The load was applied according to the procedure defined in the Italian standard [26] which defines four steps: Step 1: preload. A load equal to the 30% of the serviceability load was applied in a time ranging between 30 and 120 seconds and held for 5 minutes. The load was removed in a time lower than 10 seconds. The displacement transducers were reset. Step 2: serviceability limit state (SLS). The serviceability load was applied in a time ranging between 10 and 300 seconds and held for 5 minutes. The load was removed in a time lower than 10 seconds. After the load removal, the displacements of the unloaded specimen were acquired for 15 minutes. Step 3: ultimate limit state (ULS). The ultimate load (equal to the serviceability load multiplied by the safety factor assumed as 1.5) was applied in a time ranging between 10 and 300 seconds and held for 5 minutes. The load was removed in a time lower than 10 seconds. Step 4: collapse limit state (CLS). The glass ply subjected to the load was damaged with a hammer in the upper corner. The preload was applied and held for 1 minute. The balustrade was unloaded.

3.2. Impact Tests

3.2.1. Hard Body Impact Test

The test, according to the Italian standard [21], was performed using a tempered steel ball with a diameter of 63.5 mm and weight of 1000 g as an impactor sustained by an inextensible wire with negligible weight according to the reference code. Three impact points were defined according to the sketch shown in Figure 3(a): Point 1: along the centerline at a distance of 100 mm from the upper edge of the specimen Point 2: along the centerline at half height of the element Point 3: close to the profile.

(a)

(b)

The impactor was connected at a fixed point at a distance equal to 180 cm from point 1, 225 cm from point 2 and about 265 cm from point 3. The impactor was placed in contact with the selected point with the wire perpendicular to the floor. Then, it is uplifted at a height of 1020 mm with respect to the rest position. Each point was hit once.

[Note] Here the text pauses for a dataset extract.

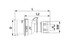 CEE Stecker Shark, blau, 16 A, 3-polig, 230 V PCE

At the end of the test, the glass was visually inspected to check damages and or anomalies.

3.2.2. Semirigid Body Impact Test

The test, according to the Italian standard [21], was performed using an impactor with a mass of 50 kg according to EN12600 [22] standard. The pressure of the two tires was 0.35 ± 0.02 MPa.

Three impact points have been defined according to the sketch shown in Figure 3(b): Point 1: along the centerline at a distance of 100 mm from the upper edge of the specimen Point 2: along the centerline at half height of the element Point 3: close to the corner at a distance of 250 mm along the bisecting line.

The impactor was connected at a fixed point at a distance equal to 180 cm from point 1, 225 cm from point 2, and about 188 cm from point 3. The impactor was placed in contact with the selected point with the wire perpendicular to the floor. Then, it is uplifted at a height of 1200 mm with respect to the rest position. Each point was hit once.

At the end of the impact, the glass was visually inspected to check damages and or anomalies.

4. Experimental Results

4.1. Static Test

Free-standing glass balustrades must be designed to resist the load as defined in referenced codes of practice. The serviceability load, defined according to Italian Code [20], was assumed equal to 2 kN/m for glass plies with a thickness of 8 mm and equal to 3 kN/m for glass plies with a thickness of 10 mm.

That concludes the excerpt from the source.